This is another form of S3 security. This is now replaced by bucket policies.

- ACL are ways to apply security to object and bucket
- They are inflexible and support only very simple permissions

---

## Block Public Access

Recently S3 have started to block public access to anonymous account by default.

- These settings only applies to anonymous principals
- These settings can be set when you create the bucket or afterwards

Options:

- Block Public Access `(Blocks any public access, no matter what the bucket policy is)`
  - Block public access to buckets and objects granted through _new_ ACL `(Any existing public access granted by existing ACL is allowed. But blocks access granted by new ACL)`
  - Block public access to buckets and objects granted through any access control lists `(Any public access is denied whether enabled before or after block publich access settings were enabled)`
  - Block public access to buckets and objects granted through new public bucket or access point policies `(Any existing public access granted by existing ACL or bucket policies is allowed. But blocks access granted by new ones)`
  - Block public and cross-account access to buckets and objects through any public bucket or access point policies `(Blocks existing and new bucket policies or ACL from granting public access)`

---

## Choosing between Identity policy, Bucket Policy and ACL

- If you are granting or denying permission on lots of different resources across an AWS account, use Identity Policies `(Not every resource supports resource policy. Also, you would need resource policy for every service if using resource policy instead.)`
- If you prefer to manage all the permission in one single place then that has to be through IAM. Identity policy would make sense here. `(You can use resource policies at time but use identity policy all the time)`
- If you are only working with one single account, IAM will be able to manage the policies. `(IAM needs to work with identities that you control in your account.)`

- If you want to directly allow external identies or anonymous identities, the use Resource Policies.
- Never use ACLs, unless you must.

---

# S3 Static Hosting

- Normal access is via AWS APIs. This is done via HTTP call.
- API allows setting up static websites
- Static hosting needs to be enabled while setting the `Index` and `Error` document.

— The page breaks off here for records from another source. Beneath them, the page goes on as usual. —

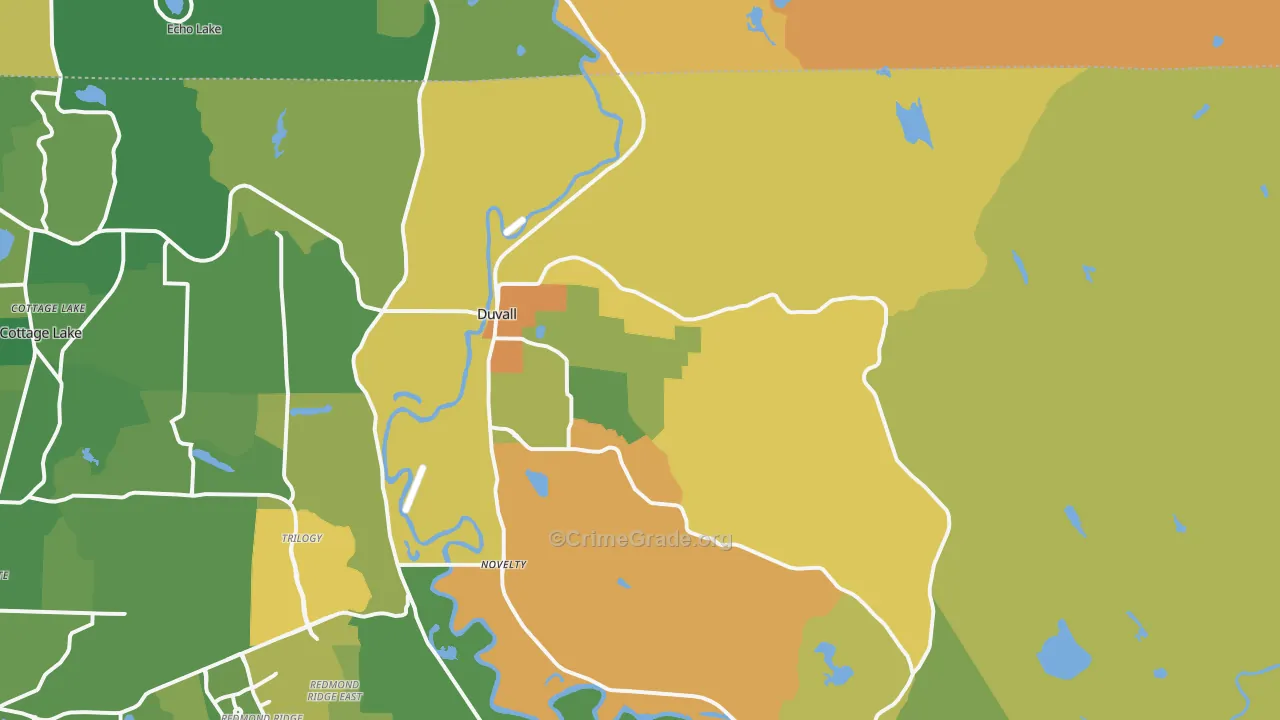 Duvall, WA Map of Robbery Rates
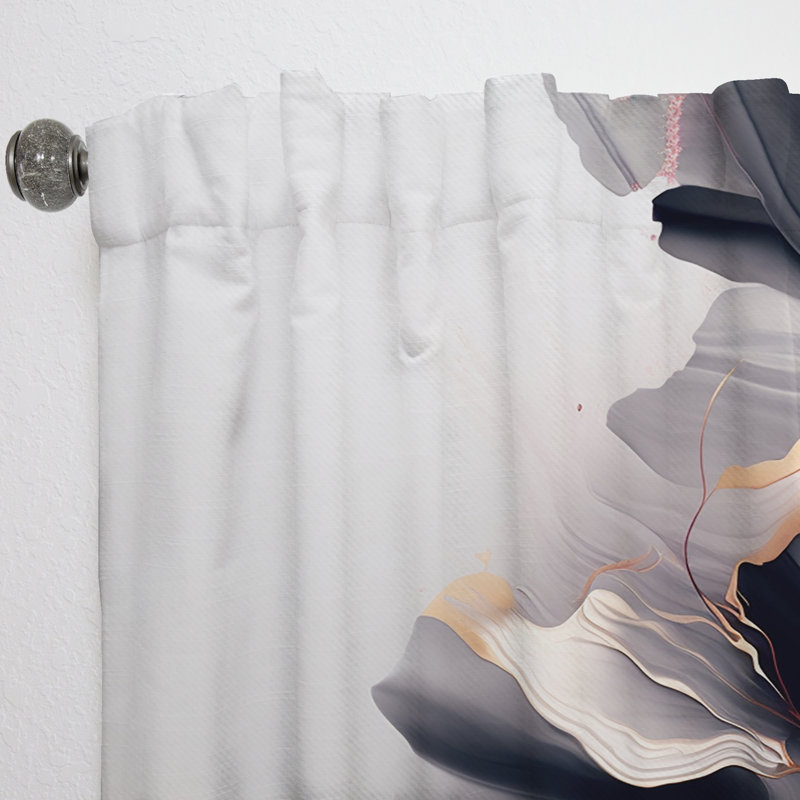 Rose Gold Black Transcending Complexity I - Modern Velvet Curtain - Room Darkening - 1 panel, 52" W x 120" L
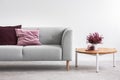 Wooden table next to grey settee with purple pillows in grey apartment interior. Real photo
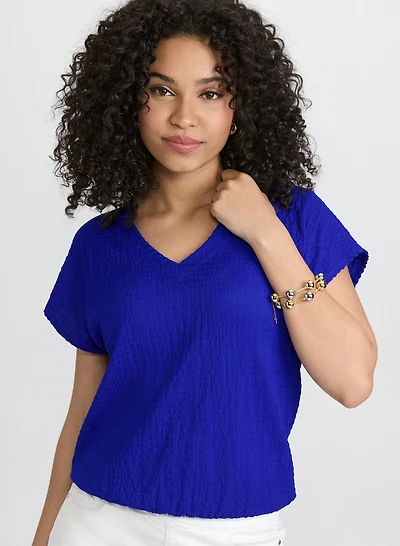 Textured Drop Shoulder Top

Both of them needs to be HTML document.
- When accessing a specific page, it delivers that specific page.
- When you dont specify a page, `Index` page is delivered to you.
- When something goes wrong, `Error` page is delivered.
- AWS creates a `Website Endpoint` from which the assets in the bucket can be accessed using HTTP.
- The endpoint name is choosen based on the:
  - bucket name and
  - region name
- You can use custom domains, only if the bucket name matches with the domain name.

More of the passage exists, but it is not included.